O que a vossa associação diz é que, os brasileiros, já não os encontramos apenas na restauração, por exemplo, ou noutros trabalhos indiferenciados, mas também como empreendedores.
Muitos, muitos. Somos o quarto país [Portugal] em termos de empreendedorismo imigrante na União Europeia, estamos na quarta posição. Onde os imigrantes mais geram o seu próprio posto de trabalho ou empregam outras pessoas. E há um número crescente de empregadores estrangeiros, além do abrir o seu próprio negócio.
Também está a acontecer com brasileiros e em Leiria?
Sim, há muitos casos, há muita gente a empreender.
Para os que trabalham para outrem, é fácil conseguir um contrato de trabalho?
Fácil, fácil. Dificilmente você vai a um sector hoje na economia em que você não tenha um brasileiro lá a trabalhar. Somos uma força hoje muito grande.
Alguns trabalham e recebem sem terem contrato?
Ainda há. As medidas tomadas por esse governo actual com relação ao fim da manifestação de interesse criaram algumas dificuldades a esse processo de legalização, principalmente, nessa transição de um modelo para o outro, e realmente há algumas pessoas que estão à margem. A forma que estava, a meu ver, não era boa, porque as pessoas estavam a vir de forma desorganizada. Vinham, vendiam tudo e muitas vezes ficavam numa situação pior do que estavam no país de origem.
Quanto tempo, em média, está a demorar o processo de legalização?

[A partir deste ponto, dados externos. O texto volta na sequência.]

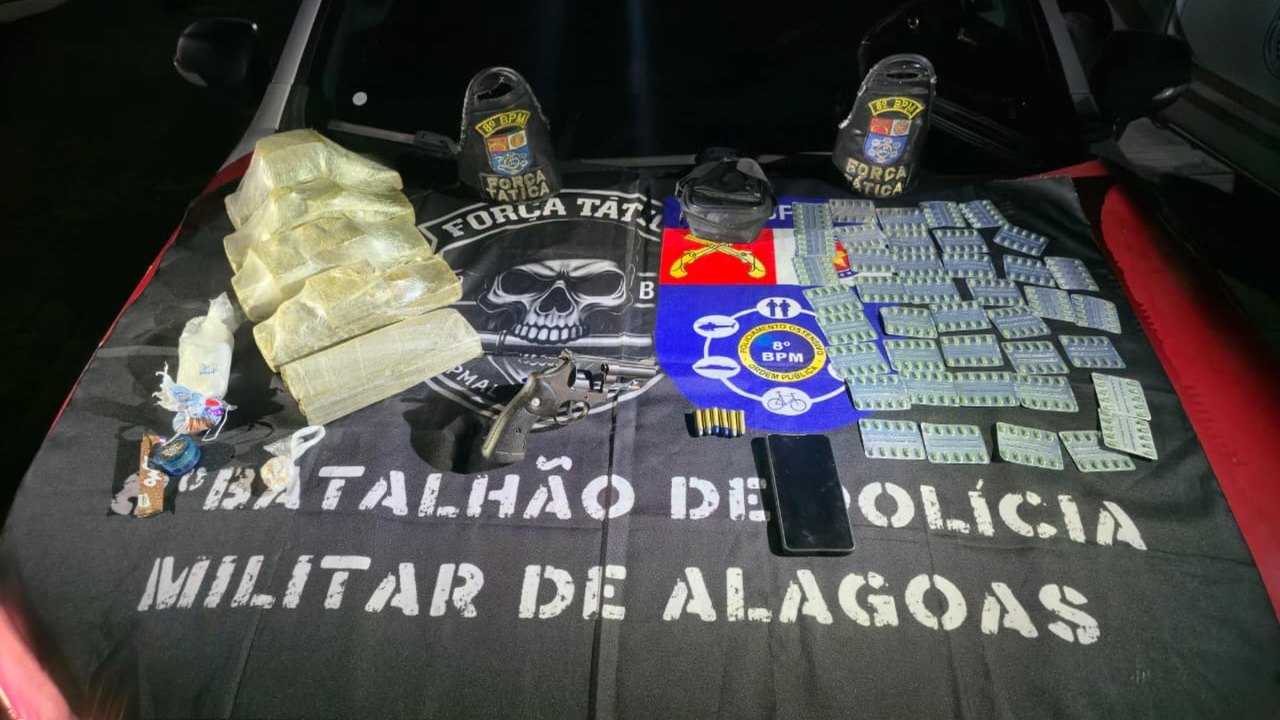 Polícia Militar apreende arma de fogo e drogas em operações no interior de Alagoas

Não tenho dados para lhe dizer. Vou dar o exemplo desse caso específico do visto para procura de trabalho. Ele vem, ele procura trabalho, ele é contratado e aí ele começa a via crucis [caminho da cruz] na AIMA [Agência para a Integração, Migrações e Asilo]. É imprevisível, porque a tal lista dos 400 mil processos em atraso parece que nunca acaba. Muito demorado.
Temos 8 mil, segundo o INE, legais em Leiria, residentes [imigrantes brasileiros]. Quantos serão os ainda não legais?
Para cada um que eu tenho aqui [na associação Global Diáspora], eu tenho pelo menos dois em condição ilegal, em média. Já excedeu o prazo de turista e ainda não conseguiu iniciar um processo nem de reagrupamento familiar nem nada.
Geralmente, nos anos recentes, os imigrantes brasileiros que chegam a Leiria, chegam sozinhos ou vêm com a família?
Nós temos aqui um perfil de atendimento muito familiar.
E com planos para ficar ou para voltar?
A maior parte diz que fica. Mas se melhorar lá [no Brasil] as pessoas vão embora.
Como é que vê esta ligação que por vezes tem sido feita entre imigração e insegurança?
Não há como negar esse sentimento, que decorre, eu acho, do crescimento das cidades. Vivo aqui [em Leiria] há cerca de oito anos. Há muito mais gente, a cidade pulsa, como não pulsava há oito anos. E a consequência disso é a violência, é o trânsito, e as pessoas têm de achar o bode expiatório, não é? Vamos colocar na conta do migrante. Mas não sejamos românticos: o que provoca insegurança é a desigualdade. E a falta de integração. É necessário trabalhar as populações que chegam e é isso que tentamos fazer de uma forma enfática e persistente. Fazer um trabalho de base e propagar a forma de viver aqui. As pessoas acham que quem vai promover a integração é a polícia. Não é a polícia. A polícia não tem competências para fazer integração, a polícia tem é competência de manter a segurança. E muitos líderes pensam que isso é um caso de polícia.
Então, quem vai promover a integração?
É a sociedade civil, são os imigrantes aculturados ou assimilados. Há imensos aqui. É usar esses multiplicadores e é trabalhar os líderes dessas comunidades. Por exemplo, falei das igrejas evangélicas: pode ser o pastor da Assembleia de Deus.
A comunidade brasileira sente preconceito, no dia a dia, em Leiria?
De forma frontal, não. Acontece às escondidas, em perfis privados, em redes sociais.